Interim Report 1st Quarter 2008

Earnings, Financial Position and Net Worth

Economic environment

Global economic growth slowed notably in the first quarter of 2008. Despite huge key rate cuts by the Fed, the crisis in the real estate market and the ensuing problems for the financial sector placed a noticeable burden on the US economy. A number of indicators show that there is an increasing likelihood of a recession. By contrast, the continued growth momentum of emerging economies such as China and India was the principal engine of global economic expansion. This is unlikely, however, to make up for negative stimulus from the USA, which is the reason why global economic momentum is expected to slow over the year 2008 as a whole. The extent to which this will happen depends on how the crisis in the financial markets develops and on how robust the economies of Europe and Asia prove. The International Monetary Fund currently anticipates global growth of around 4.1 % for 2008 as a whole.
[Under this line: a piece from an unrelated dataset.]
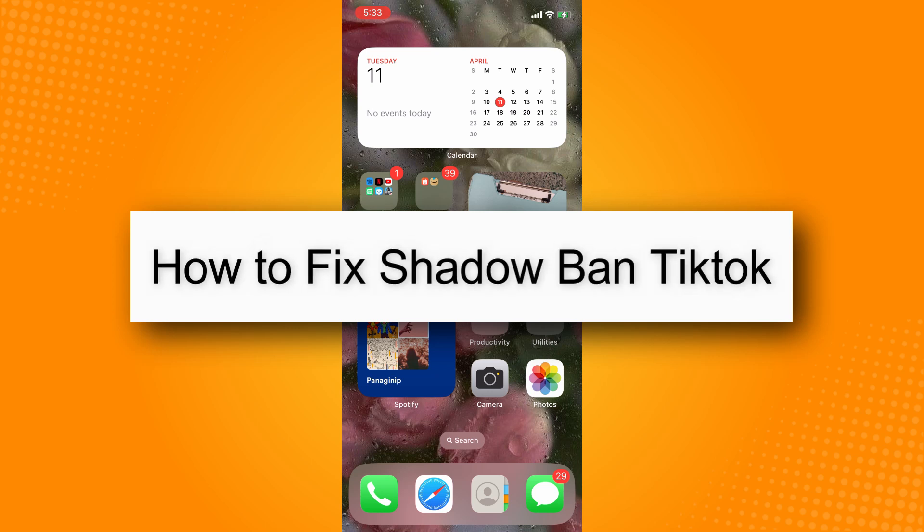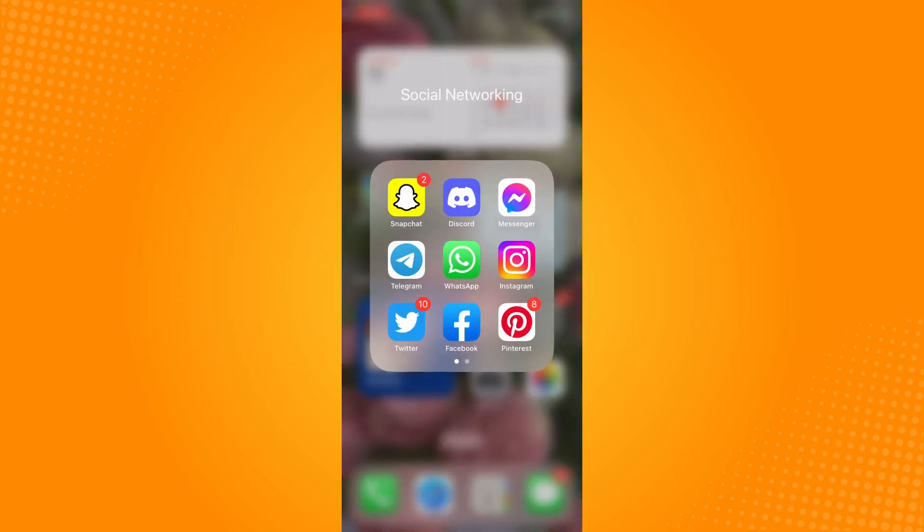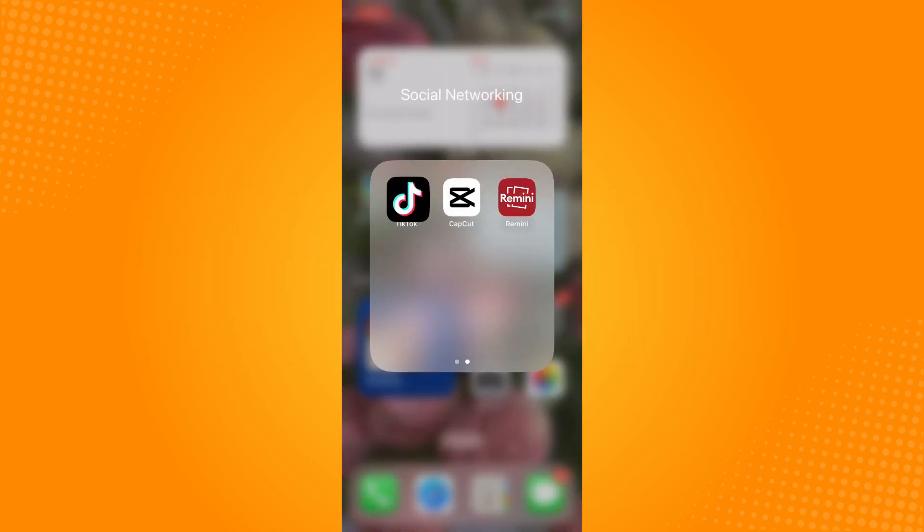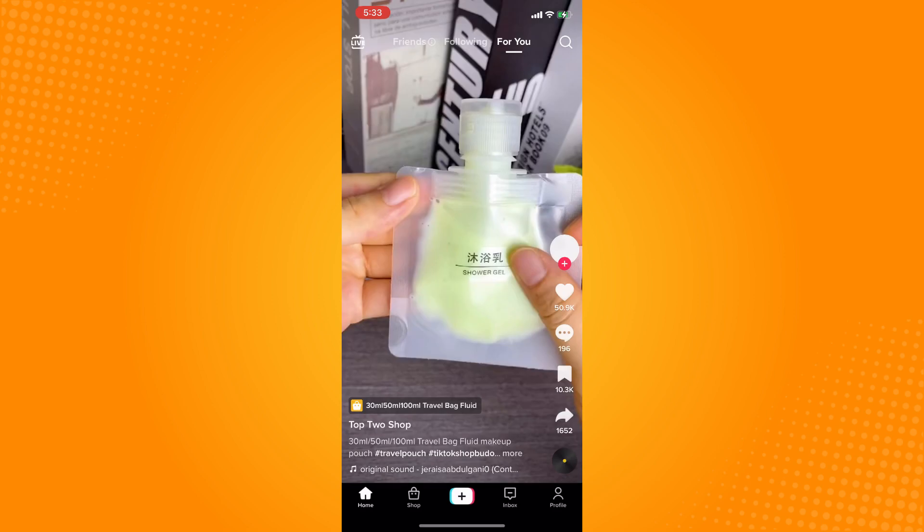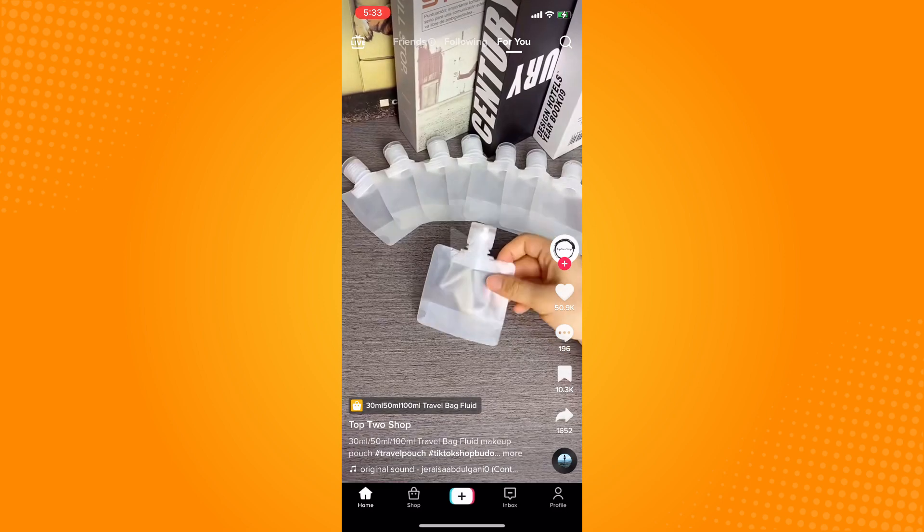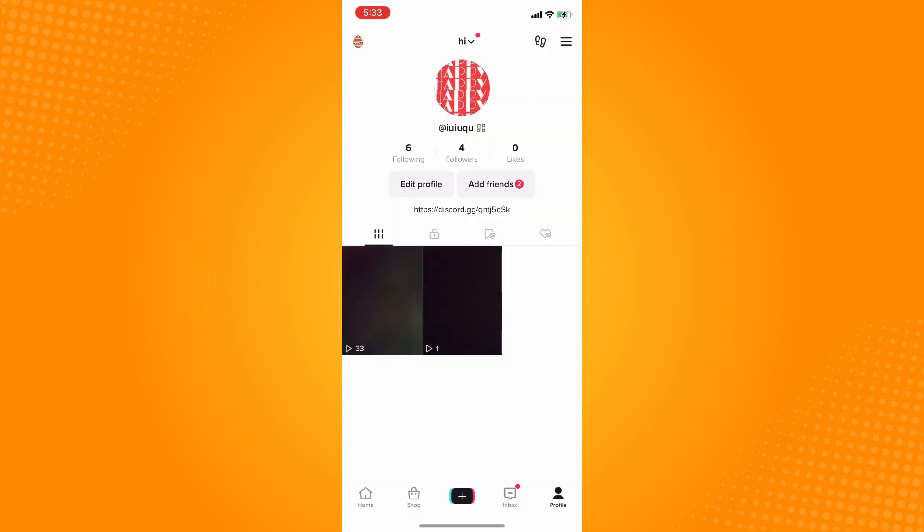How to fix shadow ban on TikTok. First, go to your TikTok application and on the bottom part, go to Profile. Here you will see your videos, and TikTok will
The economic outlook in the euro zone has also deteriorated in recent months. Alongside the effects of the crisis on the financial markets, additional causes are the strong euro and the high inflation rate. Moreover, important trading partners such as Great Britain or a number of Central and Eastern European countries are showing the first signs of an economic slowdown. Beyond this, the former boom regions of Spain and Ireland in particular are experiencing a cooling of the previously very brisk construction activities. Nonetheless, the still good profit situation of companies and the high levels of capacity utilization are proof that the economy in the Euro area is in a more robust state than that of the USA. Accordingly, there are no expectations of a recession, although growth is expected to lose momentum. The International Monetary Fund has issued a downward revision of its 2008 forecast for the euro zone, from 2.1 % in October to 1.6 %.

During the first quarter of 2008, the economic situation in Germany was robust. Over the course of the year, however, additional stimulus from exports is not anticipated due to the weaker global economy and the appreciation of the euro against the US dollar. The main impact on economic growth in Germany is therefore the domestic economy, which is currently being burdened by price hikes for energy and food. Even if the economy is likely to have peaked, it is probable that economic growth will hold steady, albeit at a slower pace. In their spring forecast, the leading German economic research institutes predict a gross domestic product growth rate of 1.8 % for the year as a whole (October 2007: 2.2 %).